1. The first question argued in this second appeal is whether the plaintiff is a tenant within the meaning of Act VIII of 1865. It is contended that, as the plaintiff is an inamdar and not a cultivator of the land, he cannot be regarded as a tenant of the zamindar. The argument is founded upon a misconception of the decision of the Privy Council in Bamasami v. Bhaskarasami I.L.R. 2 Mad., The sole question before the Privy Council is whether a certain document required registration. On behalf of the appellant (defendant in the case), it was argued that the document was a patta and that therefore it was exempted from registration. All that the Privy Council decided, with reference to the construction of Sections 3, 8 and 9* of Act VIII of 1865, was that the provisions were made upon the assumption that there is an existing relation which would warrant the application for a written patta. The ease of Bama v. Venkatachalam I.L.R. 8 Mad. 576 is distinguishable as; in that case, what the renter claimed to collect was the kattubadi and road-cess payable to Government, a deduction being allowed as a remuneration for his trouble. In the present case the jodi, which the zamindar seeks to collect, was included by the sanad in the assets of the zamindari and is payable direct to the zamindar. The definition of a tenant in Act VIII of 1865 is 'a person who is bound to pay rent to a landholder.' It is not denied that the zamindar is a landholder and it is conceded that plaintiff is bound to pay to the zamindar jodi or quit-rent upon his inam. We think, therefore, that the lower Courts were right in holding that the plaintiff was a tenant, and that the zamindar was entitled to proceed against him under Act VIII of 1865. The relation of landlord and tenant undoubtedly has long existed between the zamindar and the plaintiff and his predecessors in title. With reference to the contention that the zamindar can only claim the amount of jodi entered in the patta granted by the Inam Commissioner, it is conceded that, since the decision of this Court in Sobhanadn Appa Rau v. Gopala-kristnamma see ante p. 34, the finding of the lower Appellate Court cannot be questioned.
2. It is not contended by the respondent that the opinion of the District Judge, that the inam title-deed is such a document as is contemplated by Section 13, Act VIII of 1865, can be upheld, and we have no doubt that the Judge was in error. The plaintiff does not claim to be an intermediate landlord. He admits that he is an inamdar, an holder of land with a right of occupancy and merely contends that he sublets the land to others.
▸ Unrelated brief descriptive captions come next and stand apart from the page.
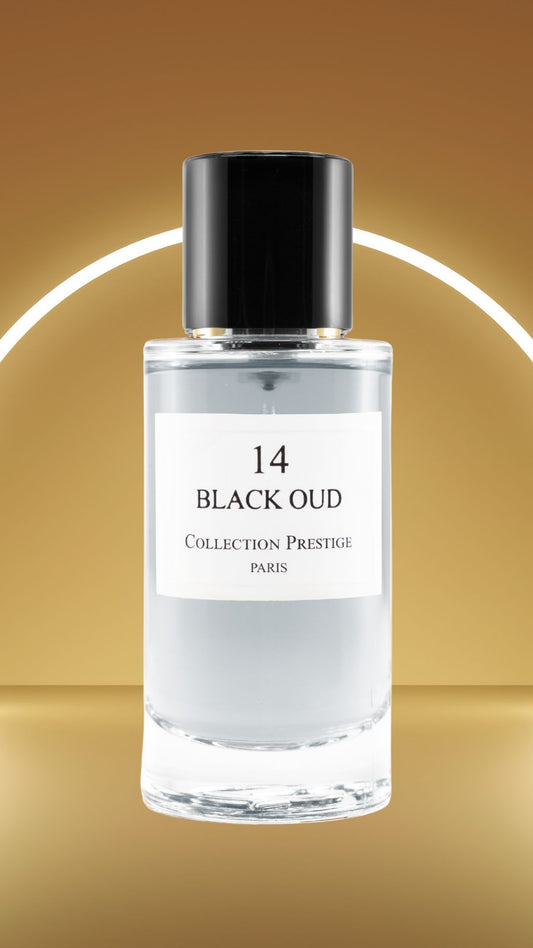 Black Oud – Eau de Parfum 50ML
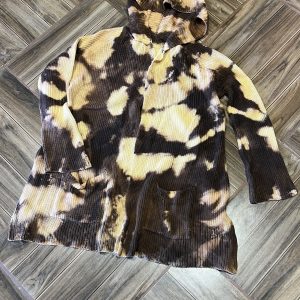 Cardigans bolsillo y gorro talla S-M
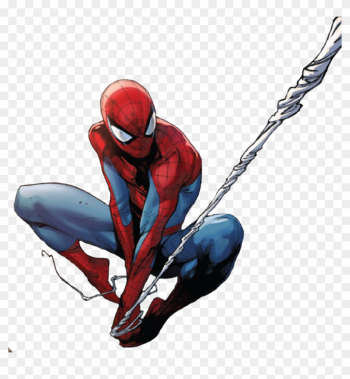Spider-man Png Picture - Spiderman Transparent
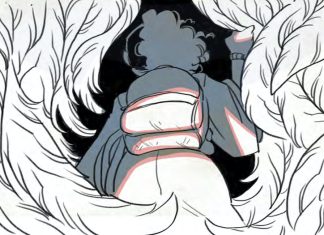 EXCLUSIVE: Check out an excerpt from Iron Circus Comics’s latest SMUT PEDDLER anthology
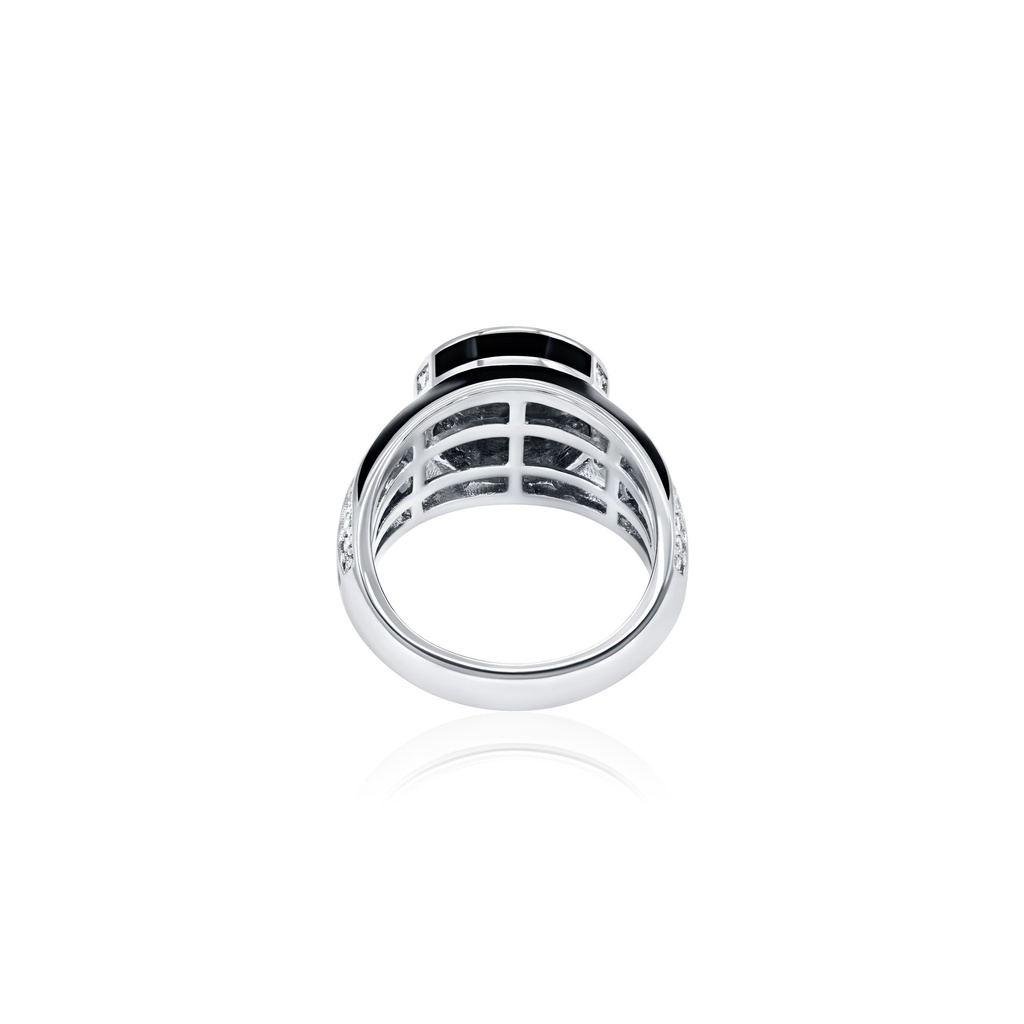 Aisha Baker Signet Dreams Deco White Gold Pinky Ring SD010_3.jpg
This will not confer on him any higher status than that of a tenant.
3. It does not appear that the other points raised in the memorandum of appeal presented to the lower Appellate Court were argued or pressed upon the attention of the Judge, and no issue was recorded on these points in the Court of First Instance. We cannot, therefore, allow any weight to them here.
4. The appeal fails and is dismissed with costs.